How to complete this task - In the records below, find the line with "Acht/negen foto's zwart" and the line with "Three Zebras In". Print both exactly, along with every line between them, and no other line.

Data provided -
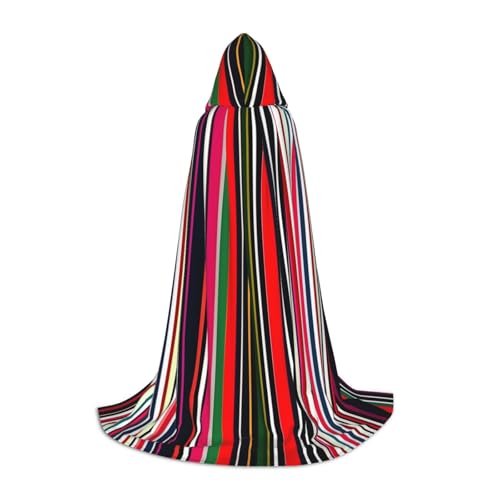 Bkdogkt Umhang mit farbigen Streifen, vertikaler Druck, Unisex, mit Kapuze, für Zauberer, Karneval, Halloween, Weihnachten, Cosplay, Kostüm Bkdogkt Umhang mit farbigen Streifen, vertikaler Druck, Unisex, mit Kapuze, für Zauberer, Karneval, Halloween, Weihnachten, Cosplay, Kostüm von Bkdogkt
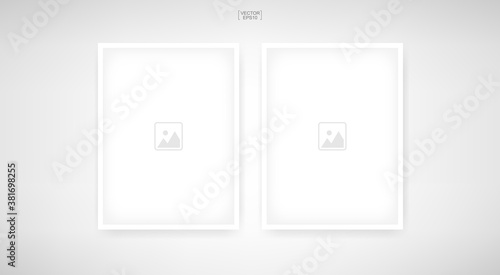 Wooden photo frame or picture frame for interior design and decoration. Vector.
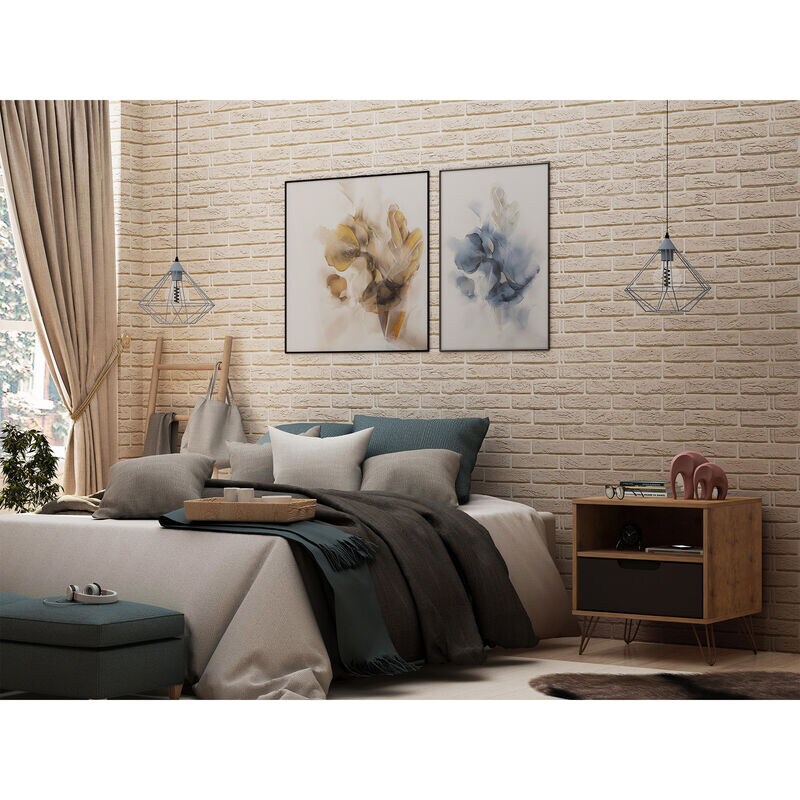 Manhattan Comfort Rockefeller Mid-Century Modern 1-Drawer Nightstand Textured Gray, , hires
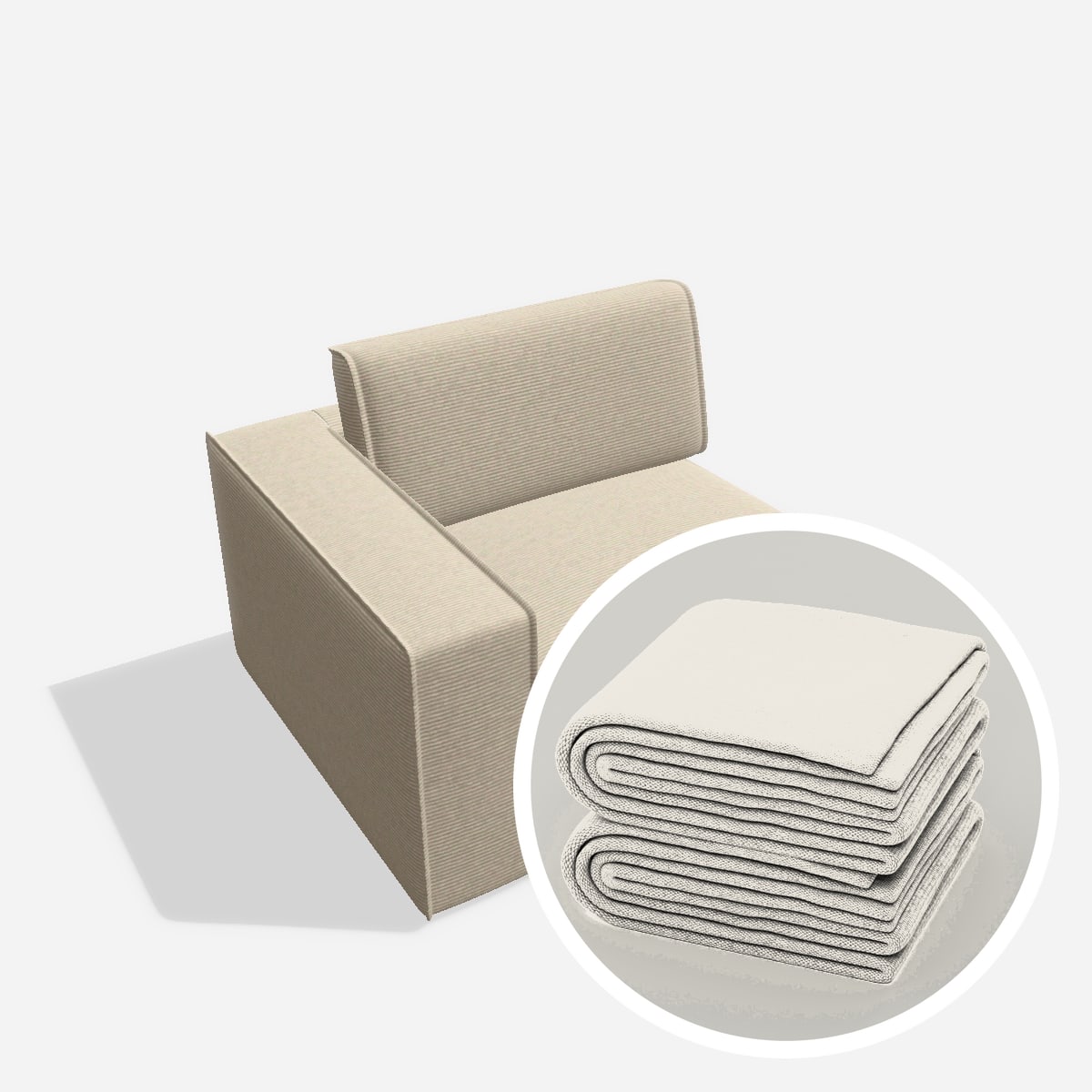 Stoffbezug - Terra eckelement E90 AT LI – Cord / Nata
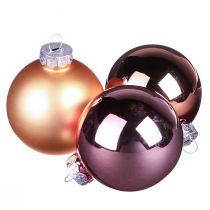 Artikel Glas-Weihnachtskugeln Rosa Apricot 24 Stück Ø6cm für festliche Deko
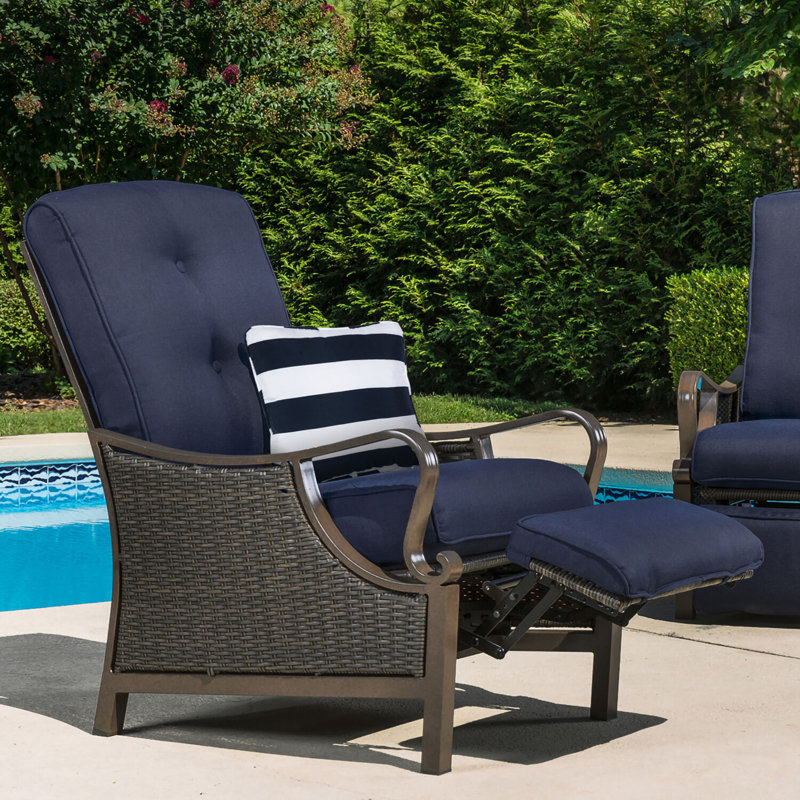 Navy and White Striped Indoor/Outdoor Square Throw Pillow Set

--

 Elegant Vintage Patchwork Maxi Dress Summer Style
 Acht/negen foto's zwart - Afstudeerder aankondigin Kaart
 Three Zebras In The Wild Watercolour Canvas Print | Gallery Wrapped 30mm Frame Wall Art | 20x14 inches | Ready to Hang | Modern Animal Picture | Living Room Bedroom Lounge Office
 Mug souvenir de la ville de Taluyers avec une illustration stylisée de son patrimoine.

---

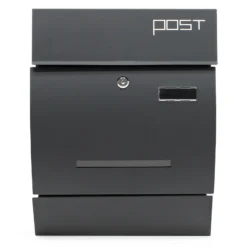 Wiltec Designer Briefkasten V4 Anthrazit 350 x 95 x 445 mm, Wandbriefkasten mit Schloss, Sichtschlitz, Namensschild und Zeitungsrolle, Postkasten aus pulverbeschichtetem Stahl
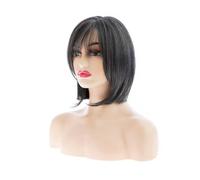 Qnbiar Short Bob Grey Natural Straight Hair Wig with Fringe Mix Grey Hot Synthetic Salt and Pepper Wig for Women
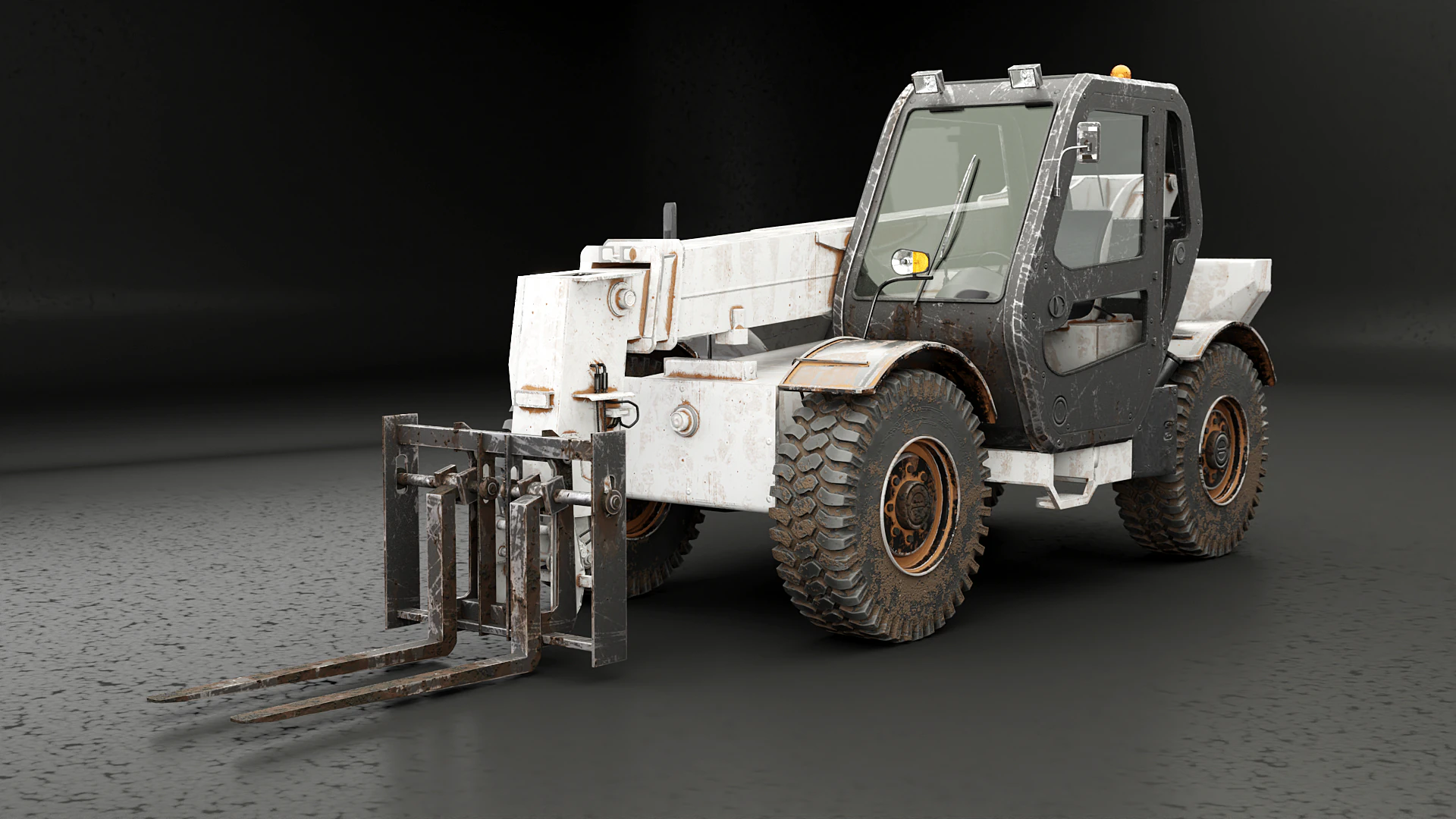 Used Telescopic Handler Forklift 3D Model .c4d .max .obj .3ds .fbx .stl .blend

Your response -
 Acht/negen foto's zwart - Afstudeerder aankondigin Kaart
 Three Zebras In The Wild Watercolour Canvas Print | Gallery Wrapped 30mm Frame Wall Art | 20x14 inches | Ready to Hang | Modern Animal Picture | Living Room Bedroom Lounge Office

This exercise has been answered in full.